Mr. Garfield is being discussed as a possibility for acting awards during the upcoming awards season, as is Mr. Gibson for directing prizes.
"The supporting cast is excellent, but it is Garfield who again impresses in a performance that will bring tears to even the most stone-faced in the audience," writes Deadline.com's Pete Hammond.
The Australian Academy of Cinema and Television Arts gave out its list of "Oscar" nominations this week and the "pacifist World War II action drama scored 13 nods including Best Film, Best Director, and a mention in each of the acting categories," notes Deadline.com.
World War II is a frequent theme at the Oscars, with recent films such as 2014’s “The Imitation Game,” 2009’s “Inglourious Basterds,” and 2008’s “The Reader” all receiving nominations for Best Picture at the Oscars. The 1998 movie "Saving Private Ryan" was widely viewed as a strong contender for Best Picture, though it lost to "Shakespeare in Love," while the 2010 movie “The King’s Speech,” which tells the true story of how King George VI sought help for a stammer ahead of an important wartime speech, won the Best Picture award.
Los Angeles Times writer Randee Dawn writes about why Hollywood loves WWII stories: “For sheer drama and emotional resonance, nothing compares to World War II … One appeal for WWII is that it is familiar to nearly all audiences. Studied, taught and dramatized over and again, the war's intricacies are familiar to most. That gives audiences a default story framework few other real-life events can approach, and it makes it possible for storytellers and filmmakers to jump right into the meat of things.”

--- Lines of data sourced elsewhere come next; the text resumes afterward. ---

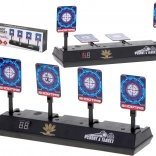 Elektronisch schietdoel met 4 doelen en digitaal teldisplay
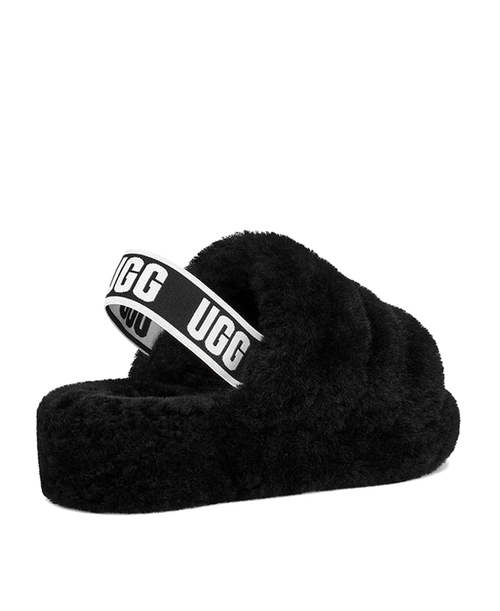 FLUFF YEAH SLIDE-black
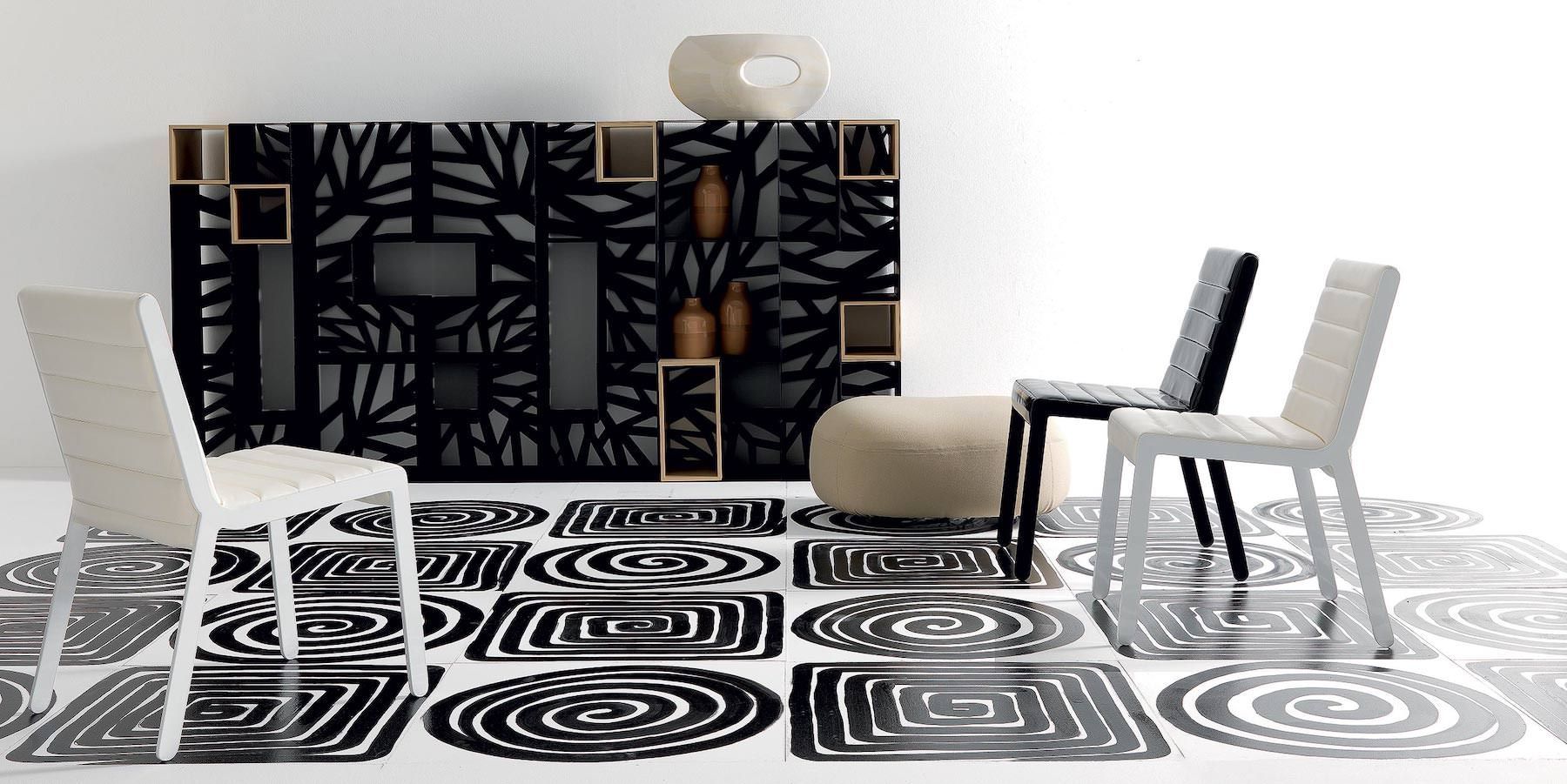 Sedia imbottita per sala da pranzo Mood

And Andrew Pulver of the Guardian writes, "The war itself, a gigantic conflict that played itself out in a myriad of theatres across the globe, that traumatised entire societies and triggered seismic political, technological and ethical upheavals, has almost endless potential for storytelling."
Frank Cottrell Boyce, who co-wrote the screenplay for the 2013 World War II movie "The Railway Man," told the Guardian, "We're attracted to it because of its moral certainties. Try explaining the cold war to kids: it was about a metaphysical geography of Europe that has completely vanished. But they have no problem grasping what the Normandy landings were about."